Moneybox

A Puzzling Jobs Report

There were overwhelming expectations that Hurricane Sandy and other factors were going to lead to a dismal November jobs report but that didn’t happen. Instead, the BLS reported an employment increase of 146,000 in November not stellar but certainly consistent with a continuing recovery. Sandy seems to have had an impact primarily in terms of pushing people into part-time work rather than having them register as jobless. But we really will have to wait and see how revisions and next month’s data looks.

My pre-release plan was to say we should ignore the November initial report due to Sandy factors and instead focus on the revisions. The news in the revisions is disappointing but hardly terrible: “The change in total nonfarm payroll employment for September was revised from +148,000 to +132,000, and the change for October was revised from +171,000 to +138,000.” These are the kind of employment increases that should keep the unemployment rate falling very slowly, and will make it extremely difficult for large classes of workers to see any pay increases. But I think it may be more-or-less the fastest kind of recovery that current Federal Reserve policy will let us have. A bit more inflation-tolerance might let growth proceed faster, or else a miraculous productivity surge might arrive, but I don’t believe we should expect any acceleration.
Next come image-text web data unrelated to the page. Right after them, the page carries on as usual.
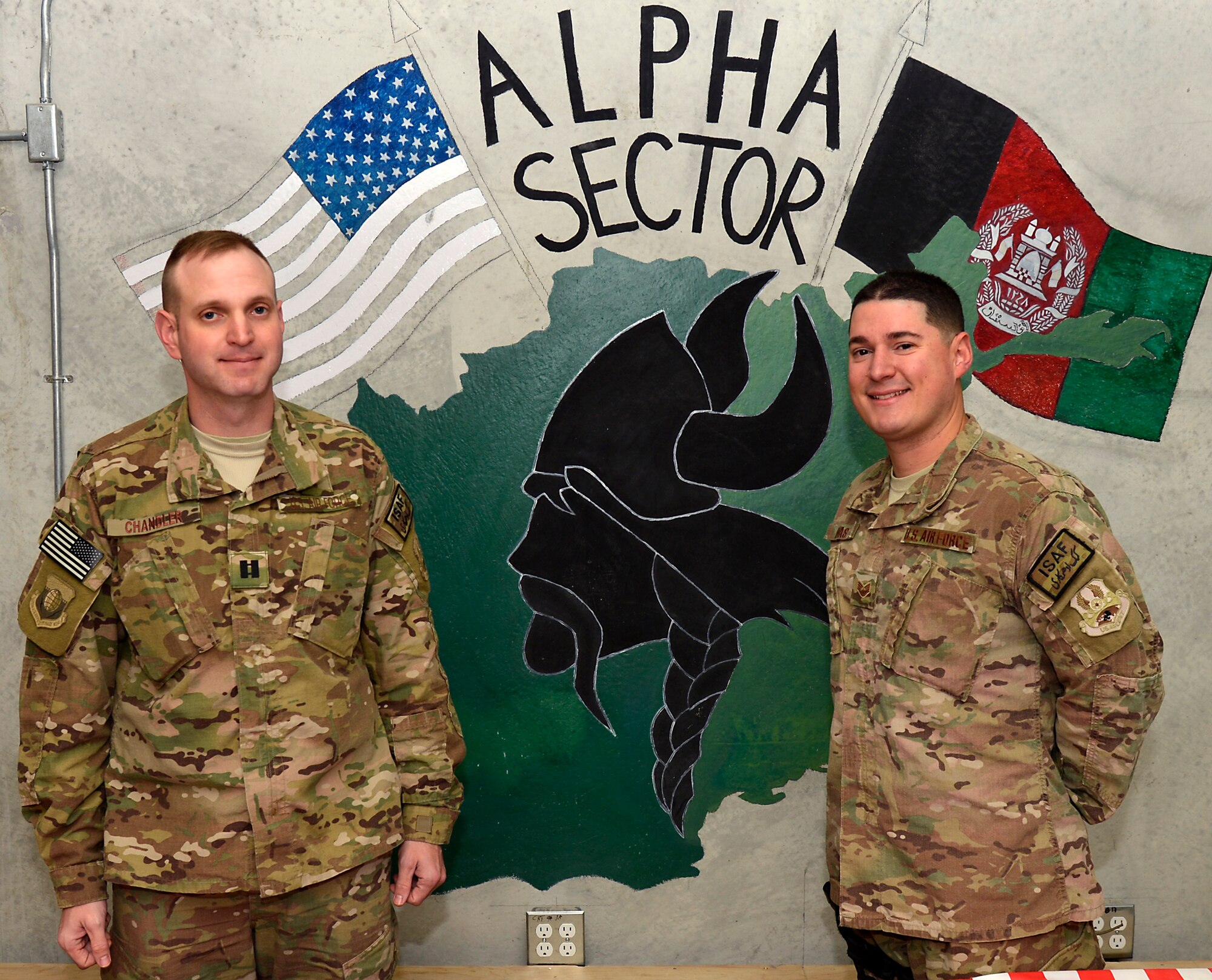 U.S. Air Force Chaplain (Capt.) Robert Chandler, 455th Air Expeditionary Wing, and Staff Sgt. Frank Rivas, 455th AEW chaplains assistant, pose for a picture before providing their services to the Airmen of the 455th Expeditionary Base Defense Squadron at Bagram Airfield, Afghanistan, Nov. 24, 2013. Chandler and Rivas are a religious support team assigned to the 455th EBDS. Chandler is deployed from Offutt Air Force Base, Neb., and Rivas from MacDill Air Force Base, Fla. (U.S. Air Force photo by Senior Airman Kayla Newman/Released)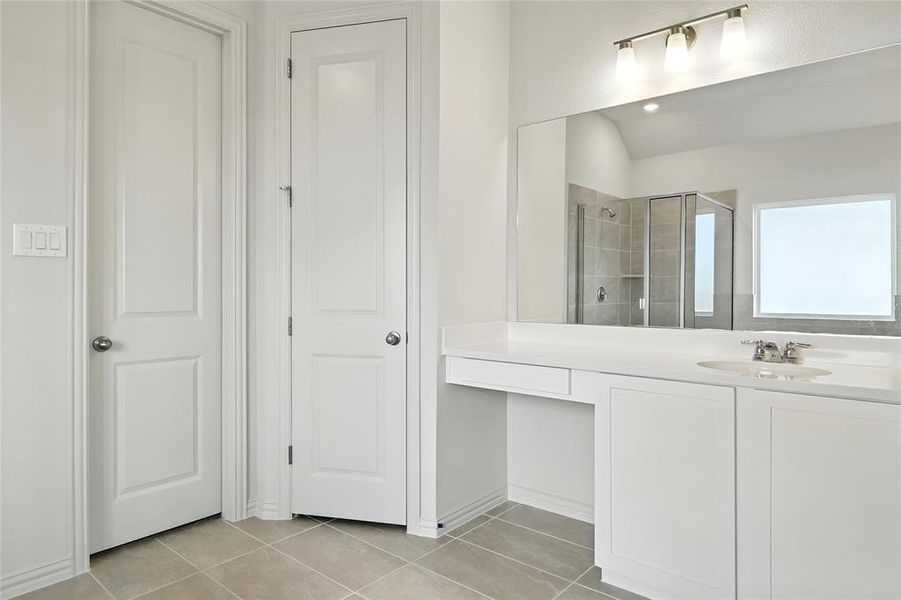 Full bath with a stall shower, light tile patterned floors, and vanity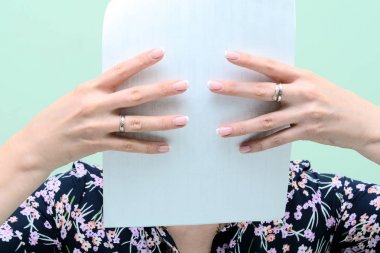 Kız yüzünü beyaz bir kağıtla kapladı. Çarşafın üzerinde manikürlü kadın parmakları var. Kavram - ilişkilerde gizlilik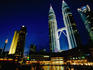Petronas Towers in night city skyline.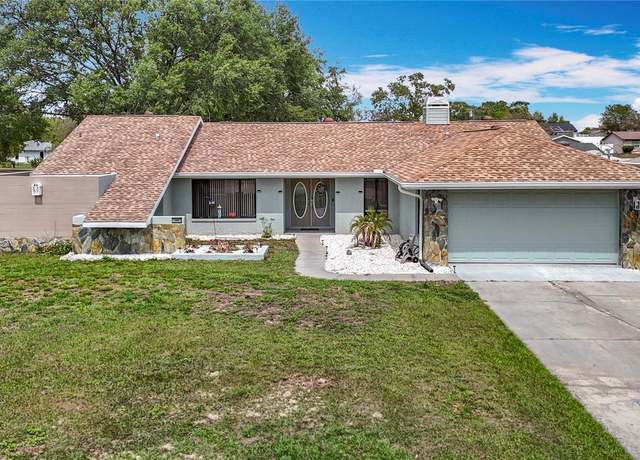 Property at 12087 Tallwood St, Spring Hill, FL 34608, 3 beds, 2 baths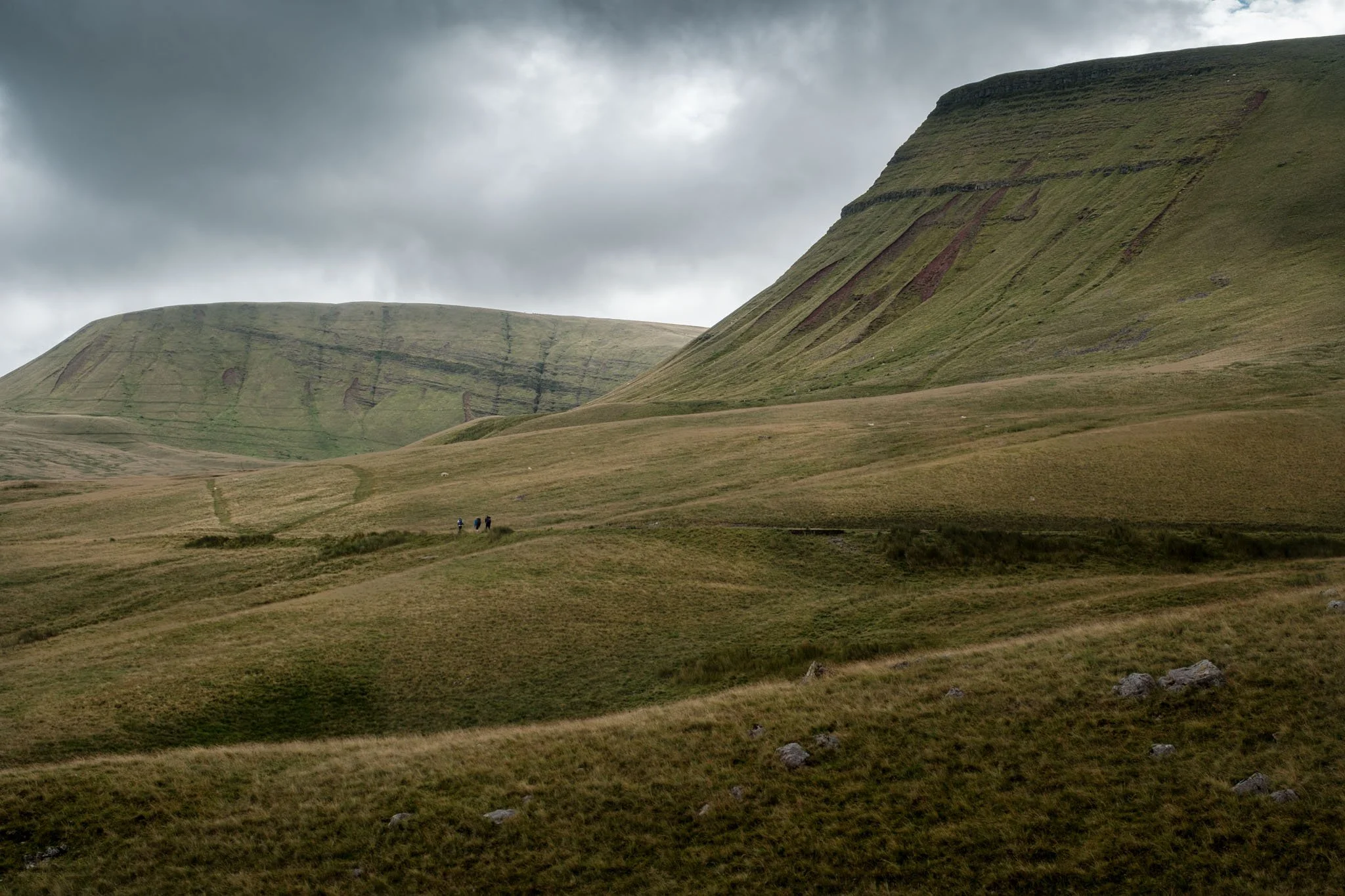 Wales: A landscape of verdant hills under a cloudy sky, with hikers traversing the terrain. Brecon Beacons. Outdoor photography, territorial promotion, and sustainable tourism by Guillaume Donsimoni.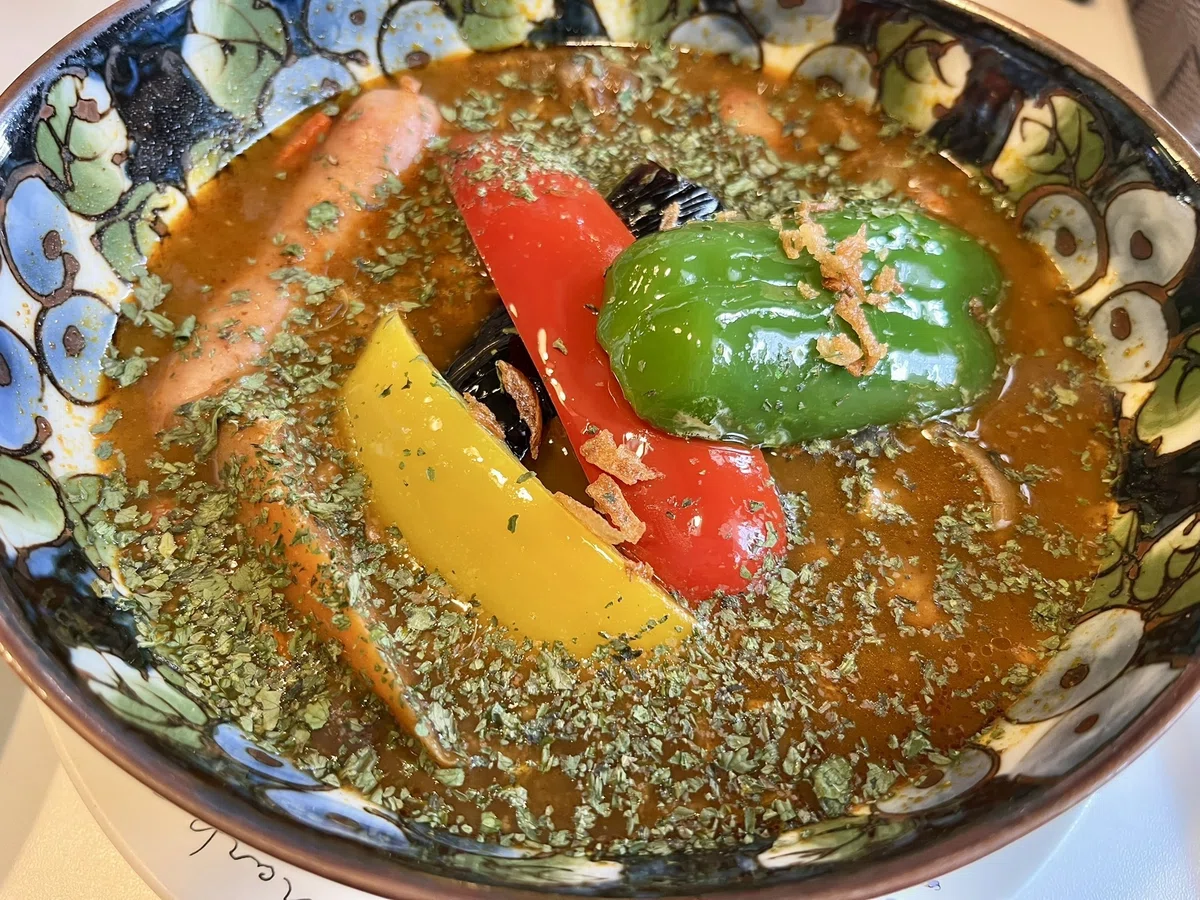 魔女のスプーンの薬膳カレー。ピーマン、パプリカ（赤、黄）、なす、ウインナーがスープに入っている。緑色のハーブが、たっぷりかかっている。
That sounds a bit gloomy, but it’s consistent with my preelection view that the winner is going to be very lucky. If the economy just keeps chugging along adding an average of 135,000 jobs per month then that’ll mean almost 6.5 million new jobs over the course of Obama’s second term.

A fascinating aspect of this jobs report is that the housing recovery is nowhere in sight. Rising new home starts are not being matched by any increase in construction employment. Something is probably being mis-estimated here, since I don’t think the houses are being built by robots, but we’ll have to see.